Eric Dierker cogitoergosum at sbcglobal.net
Sun Oct 11 20:37:00 EDT 2009


Thank you Cosmin for this insightful piece that I am lucky enough to share. May we always remember and hold in thought those who cannot. There are three clear sets of chains that keep many from actively participating here, ignorance, poverty and tyranny. If all we do is partially loose the binds in any, we are rewarded tenfold.
 
First let me address a few "technical problems that I see".
 
Should we assume that insulation from the passions and needs of the governed is bad?
Pure Political Accountability is not always a good thing. Justices come to mind.
One person One vote does no such thing as assume delegation to an incumbant regime.
There is a huge gap between a "minority of billions" and the majority making arbitrary decisions.
 
Now to the crux of your issue. Direct democratic governance. I think I would reread Locke and More on Utopia and Anarchy then Marx's manifesto. Then I would begin some study of the Federalist Papers. Then I would spend some Socialogy and Anthropology time on the human condition and desire to constantly be making decisions of a technical nature regarding their governance. Probably start with the reality check that most people in the world do not spend more than 1 hour a year excercising their right to vote.
 
Here is your most glaring flaw. Your whole premise is that people must have full control of their government because other people are basically immoral and will not keep the good of the people in mind. See the problem?  If people are basically bad then giving more control to more people simply makes it badder.
 
All governance requires some trust. All choice assumes a free will to make choice. The best models we have are where people are free to chose who they will trust to govern them. What I trust is openness and transparency and accountability.  With this I can question. And in my questioning I can discern.  And in my discernment I can chose who to follow. So give me an option of processes to chose from, give me a choice of who to provide the process and then keep it open enough to evaluate. Then me and the other minority of voting people can decide. That model works, the world over. Do not force people to vote -- bad idea.

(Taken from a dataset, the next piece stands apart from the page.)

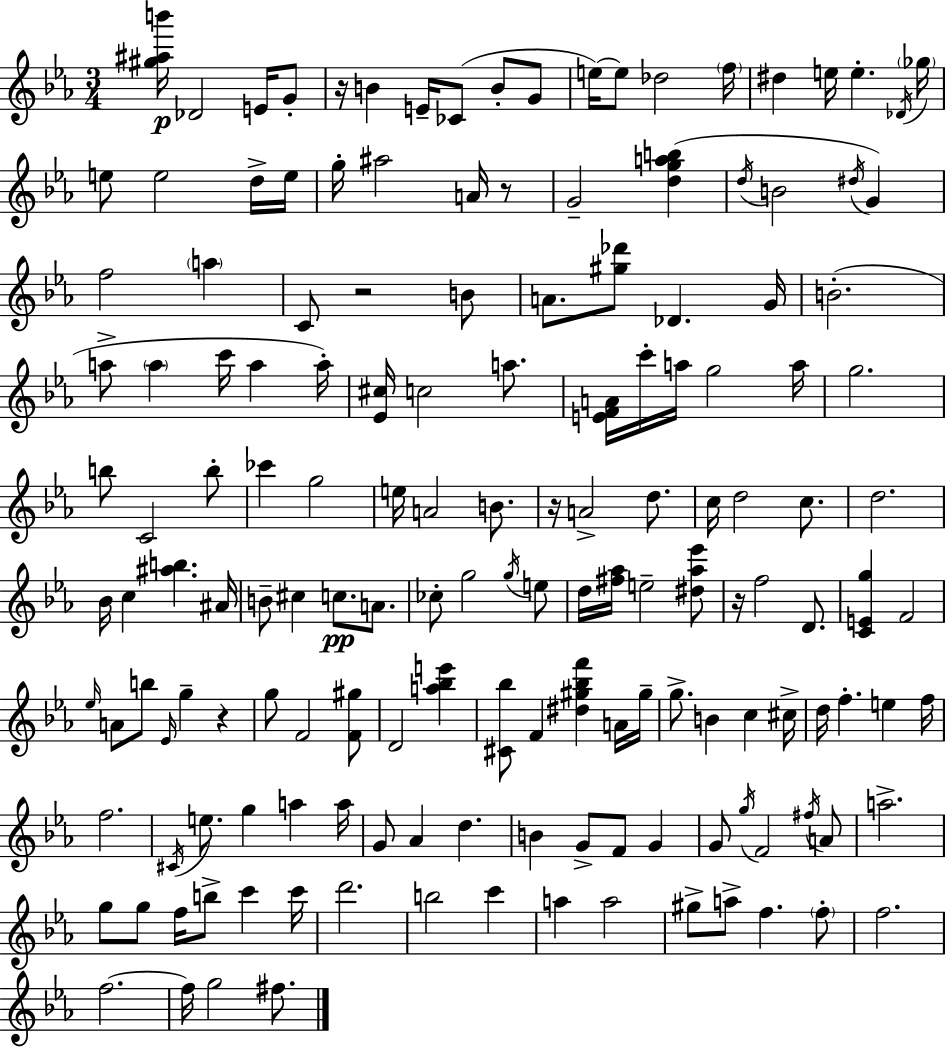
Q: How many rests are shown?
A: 6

--- On Sun, 10/11/09, Cosmin L. Neagu <cosmin.neagu at rohost.com> wrote:


From: Cosmin L. Neagu <cosmin.neagu at rohost.com>
Subject: SELF - Authority
To: "governance" <governance at lists.cpsr.org>
Cc: "Paul Lehto" <lehto.paul at gmail.com>, "Eric Dierker" <cogitoergosum at sbcglobal.net>, toml at communisphere.com
Date: Sunday, October 11, 2009, 11:56 PM


I started this as a reply to a comment of Paul Lehto saying that the
only way to "guard against the guardians" is to dilute the ultimate
power as much as possible (one person one vote) and hope that in the
end it will all be OK or at least as good as could be expected.
It might be good enough for governing a few millions but as the
governing body "serves" more and more people it tends to develop ways
of insulating itself against it's subjects.
Even if it remains accountable it tends to be slow and inefficient
especially when it comes to conflict resolutions.

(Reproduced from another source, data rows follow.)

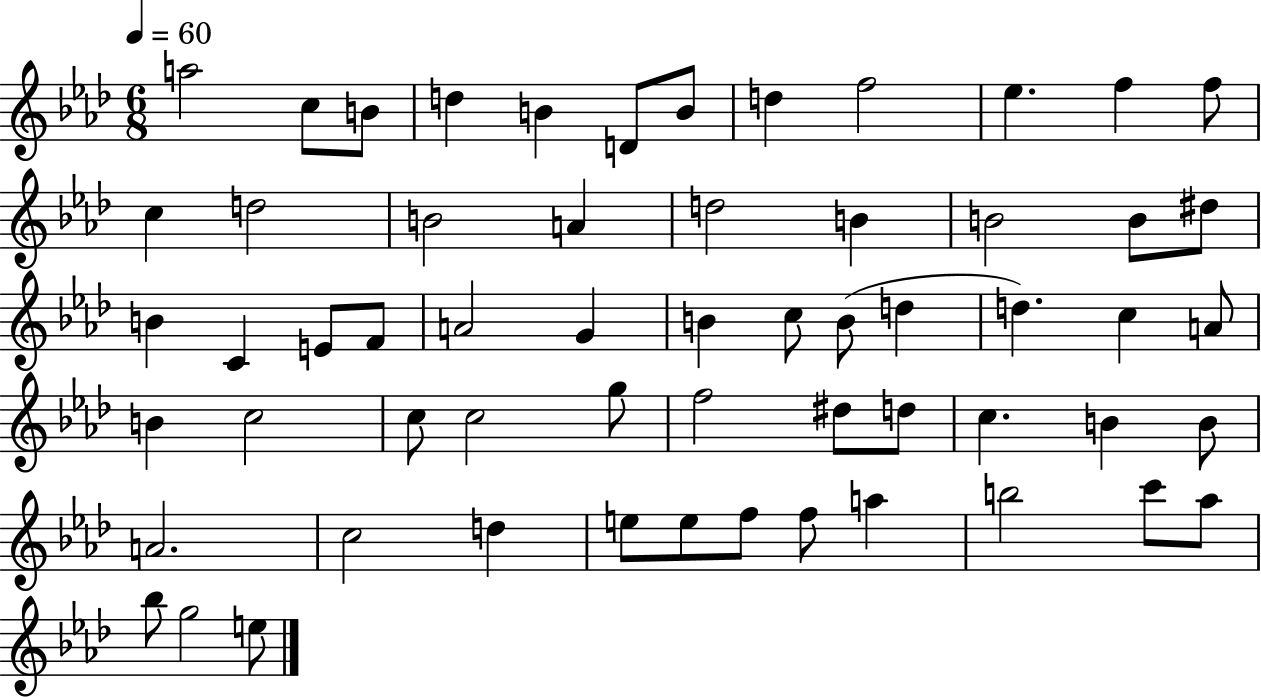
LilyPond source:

{
  \clef treble
  \numericTimeSignature
  \time 6/8
  \key aes \major
  \tempo 4 = 60
  a''2 c''8 b'8 | d''4 b'4 d'8 b'8 | d''4 f''2 | ees''4. f''4 f''8 | \break c''4 d''2 | b'2 a'4 | d''2 b'4 | b'2 b'8 dis''8 | \break b'4 c'4 e'8 f'8 | a'2 g'4 | b'4 c''8 b'8( d''4 | d''4.) c''4 a'8 | \break b'4 c''2 | c''8 c''2 g''8 | f''2 dis''8 d''8 | c''4. b'4 b'8 | \break a'2. | c''2 d''4 | e''8 e''8 f''8 f''8 a''4 | b''2 c'''8 aes''8 | \break bes''8 g''2 e''8 | \bar "|."
}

I say that this is not good enough, at least not when it comes to
governing the Internet of billions of people. I say we can do better,
at least regarding the ICANN / DNS issue.
The "one person one vote" assumes that everybody willing to delegate
his authority to the central body (let's say ICANN) using their vote.
The ones that do not vote have to accept the majority decision.
This is flawed in several ways:
- it produces potentially billions of people of "minority" while the
majority gets to make arbitrary decisions
- it assumes that the people that don't vote are OK with whatever result
- the process of election is expensive (time, money, fraud, manipulation, ...)

The alternative I proposed was to design a system that would not
delegate the power of the user to ICANN.
Every person could create for himself a asymmetrical key pair (PGP,
public/private encryption key) that he will need in order to make
decisions regarding his domains, his email, ...
ICANN would need to create and maintain the standard of a distributed
software (something similar to the current DNS software) and make sure
it's being run properly.
In short, a system like this would allow ICANN to make sure the
current principles of the Internet are not perverted and it would
allow the users to keep their authority to themselves (not to trust
ICANN or anybody else with their vote).

Even though the technical part might seem confusing it is quite strait
forward. I don't think that conventional methods will do.

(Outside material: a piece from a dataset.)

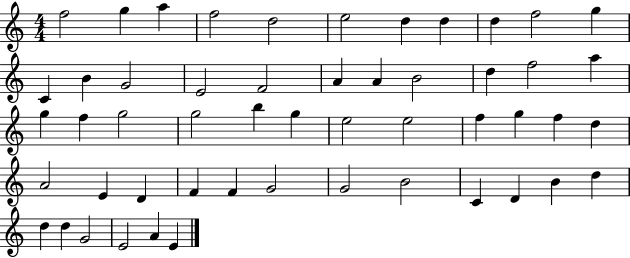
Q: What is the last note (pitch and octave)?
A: E4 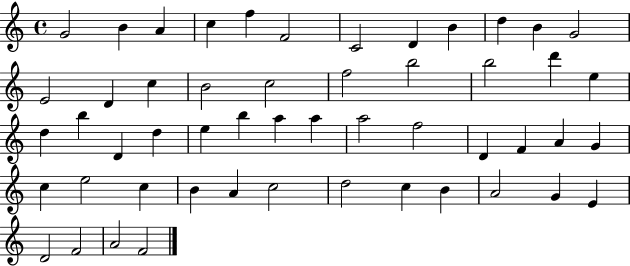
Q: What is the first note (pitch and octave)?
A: G4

Even more, I believe that a system that does not delegate the
authority of the user will eventually emerge... it doesn't actually
need permission from anybody. It only needs critical mass.
ICANN or IGF patronage might just make it happen better and quicker
but I cannot see a future without this happening at all.
It becomes easier and and easier and after all ... these days it only
takes a few good tweets to reach critical mass.